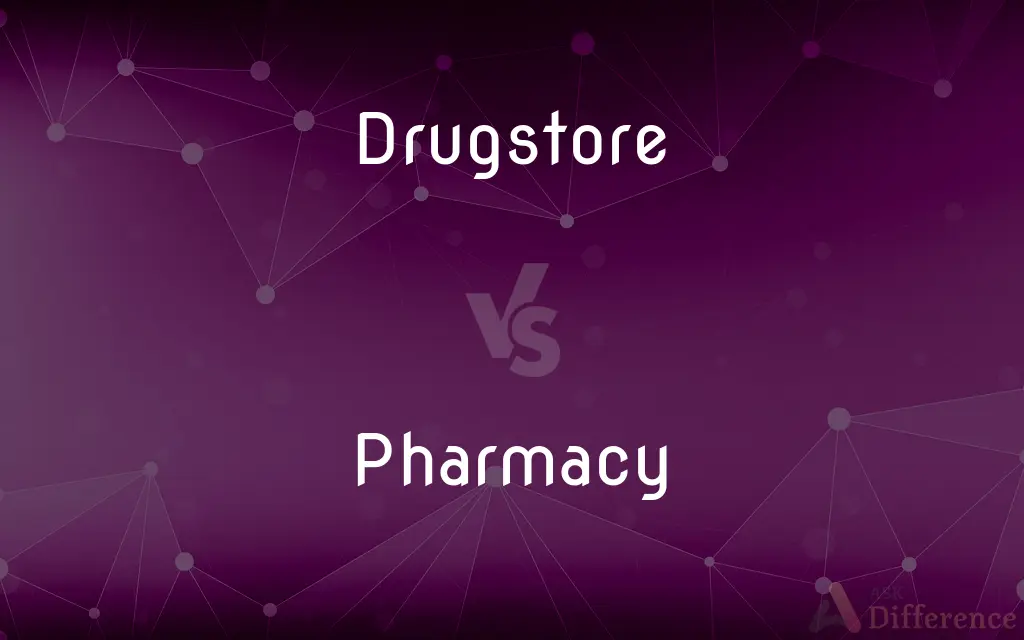 Drugstore vs. Pharmacy — What's the Difference?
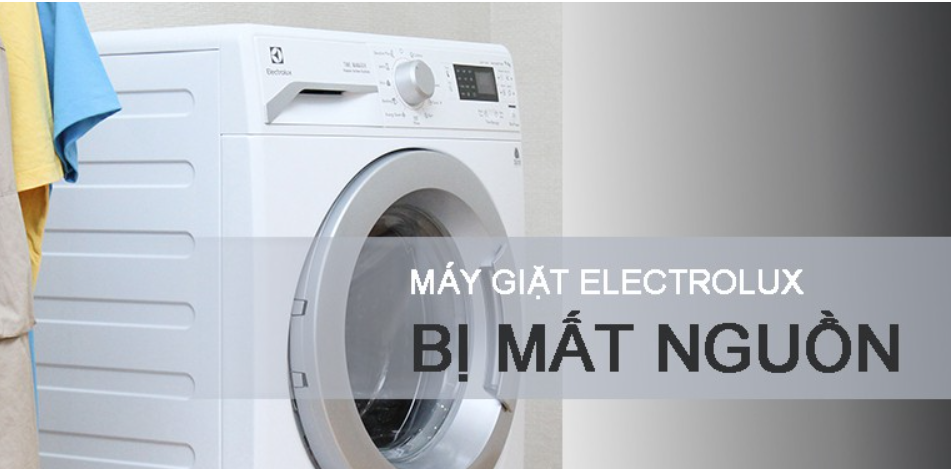 Máy giặt Electrolux mất nguồn? Nguyên nhân và cách khắc phục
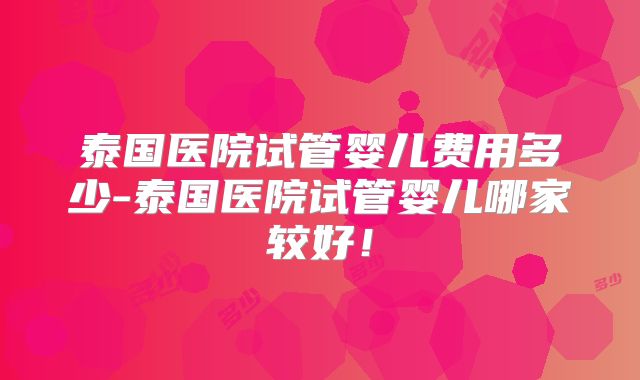 泰国医院试管婴儿费用多少-泰国医院试管婴儿哪家较好!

WHAT NEEDS TO BE DONE: Return each line above exactly; any pictures are to be skipped.

RESULT FOR THIS EXERCISE:
 Drugstore vs. Pharmacy — What's the Difference?
 Máy giặt Electrolux mất nguồn? Nguyên nhân và cách khắc phục
 泰国医院试管婴儿费用多少-泰国医院试管婴儿哪家较好!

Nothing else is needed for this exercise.